* _ACTION ITEM_:
Among the entries below, find the line with "WAYUTE Pirate Costume", then quote it and each following line up to and including the line with "Yuka Panel Background", and nothing else.

* _THE DATA_:

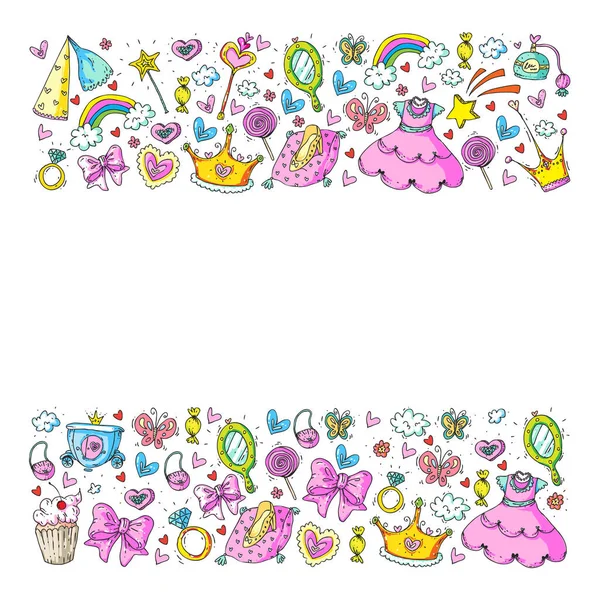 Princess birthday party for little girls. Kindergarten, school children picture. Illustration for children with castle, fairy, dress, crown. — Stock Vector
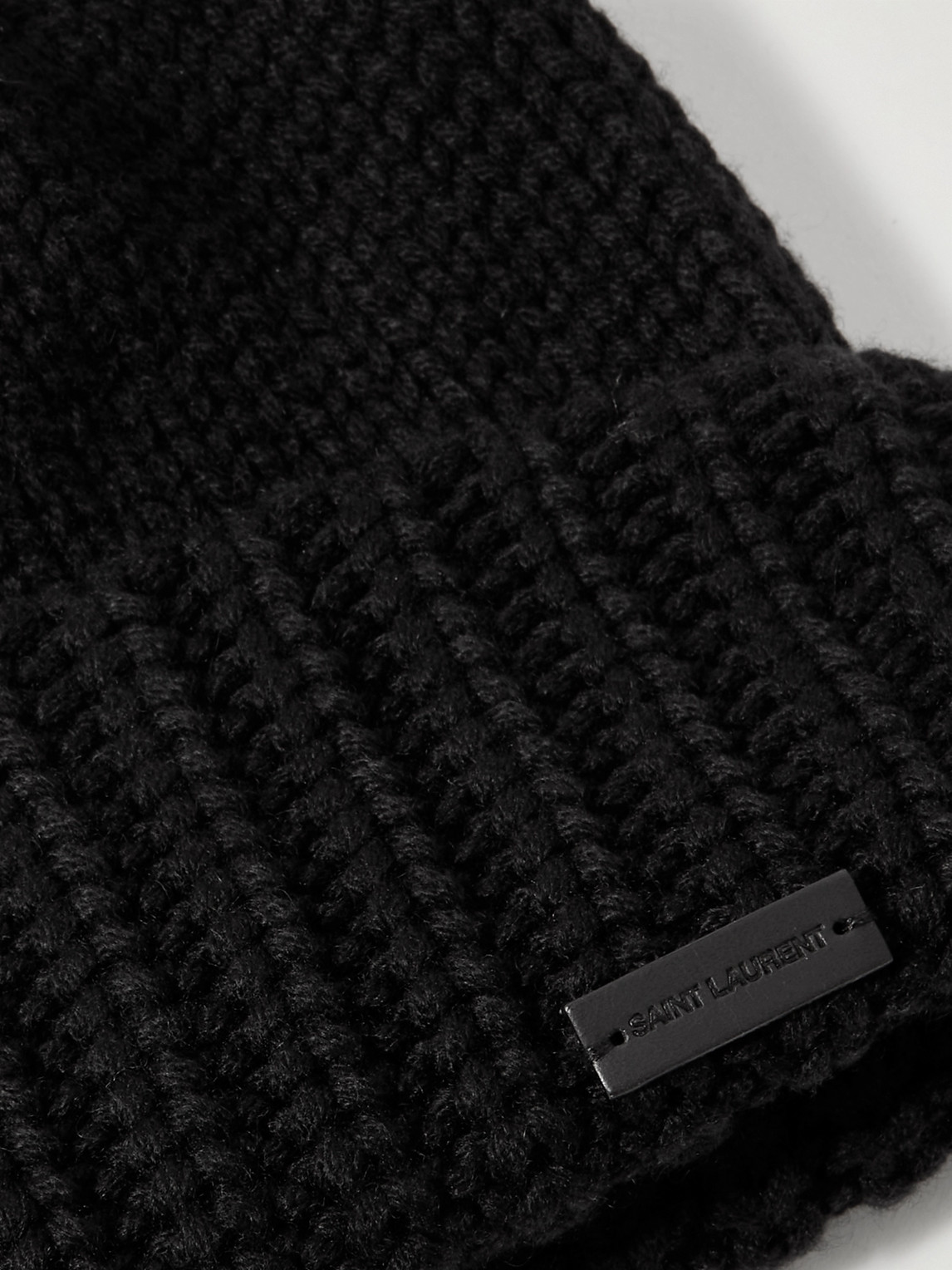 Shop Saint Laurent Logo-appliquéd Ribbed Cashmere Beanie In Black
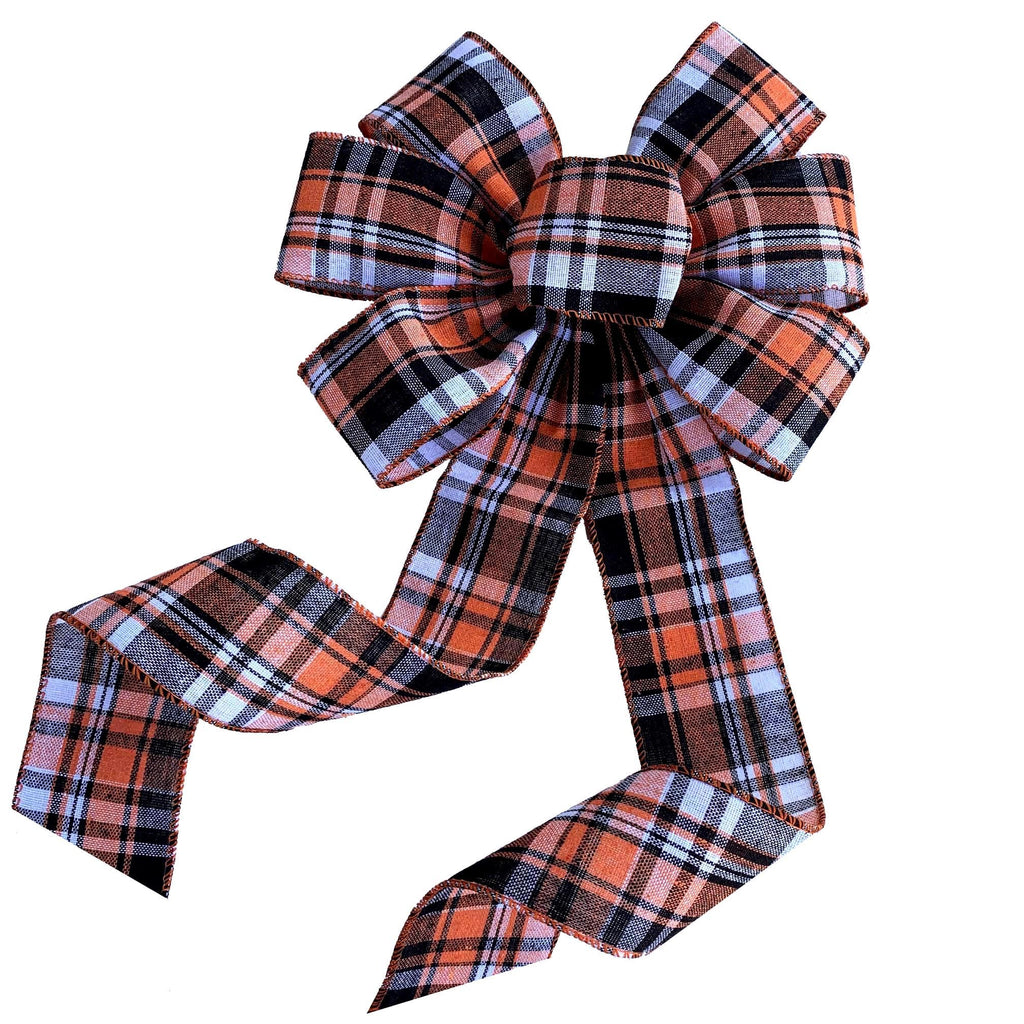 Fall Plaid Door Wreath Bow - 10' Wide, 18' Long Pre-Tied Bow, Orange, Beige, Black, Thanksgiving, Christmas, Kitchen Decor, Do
* * *
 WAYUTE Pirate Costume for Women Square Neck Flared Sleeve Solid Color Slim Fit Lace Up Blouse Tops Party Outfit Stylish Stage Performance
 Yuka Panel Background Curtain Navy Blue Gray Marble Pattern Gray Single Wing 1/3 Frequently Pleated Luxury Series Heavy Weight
==
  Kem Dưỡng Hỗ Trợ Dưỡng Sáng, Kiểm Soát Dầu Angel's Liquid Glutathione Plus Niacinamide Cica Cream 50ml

* _OUTPUT FOR THIS TASK_:
 WAYUTE Pirate Costume for Women Square Neck Flared Sleeve Solid Color Slim Fit Lace Up Blouse Tops Party Outfit Stylish Stage Performance
 Yuka Panel Background Curtain Navy Blue Gray Marble Pattern Gray Single Wing 1/3 Frequently Pleated Luxury Series Heavy Weight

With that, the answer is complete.